I was immediately reminded of a poem of Rilke's from "Eingang:"
Whoever you are, go out into the evening,
leaving your room, of which you know each bit;
your house is the last before the infinite
whoever you are.
Which got me thinking, how do we as readers understand and contextualize this rendering of the search or the going out of the everydayness and known, into an object of veneration - turning the search itself into an almost religious way of being in the world?

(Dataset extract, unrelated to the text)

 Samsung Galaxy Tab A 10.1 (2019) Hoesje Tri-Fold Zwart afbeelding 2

"Modernism has never been theorized as a discourse that incorporates spiritual symbolism." So, Wendy Faris and Steven Walker set out to fill this lacuna in their essay, "Latent Icons: Compensatory Symbols of the Sacred in Modernist Literature and Painting." Allow me to unpack this weighty title. You see with the "death of God" in the modern period and the apparent demise of the religious in modern literature and art, many significant modernist writers and artists, according to Faris and Walker, expressed "the need for contact with the sacred through the creation of a new set of subliminally perceived iconic representations."

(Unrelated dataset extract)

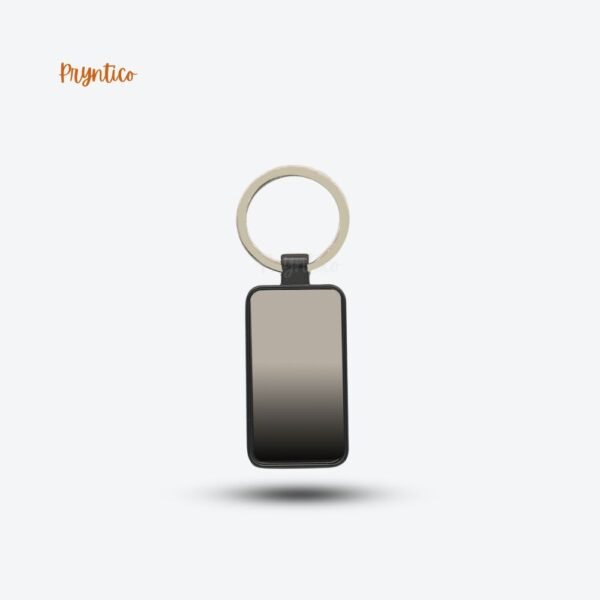 Silver Stainless Steel Rectangle Keychain - Image 2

"The painting, The Red Vineyard is a particularly good example of this iconizing project. The figures in the painting are minimally articulated in comparison to the complexly worked field that surrounds them, a complexity and concentration that help raise the field itself to iconic status. The icon remains latent, however, because the canvas depicts the ostensibly sentimental subject of peasants working."
In the case of The Moviegoer we are presented with an author whose project depicts a thoroughly modern man on a spiritual quest, the iconized search mostly latent, behind a myriad of Binx Bolling's escapades.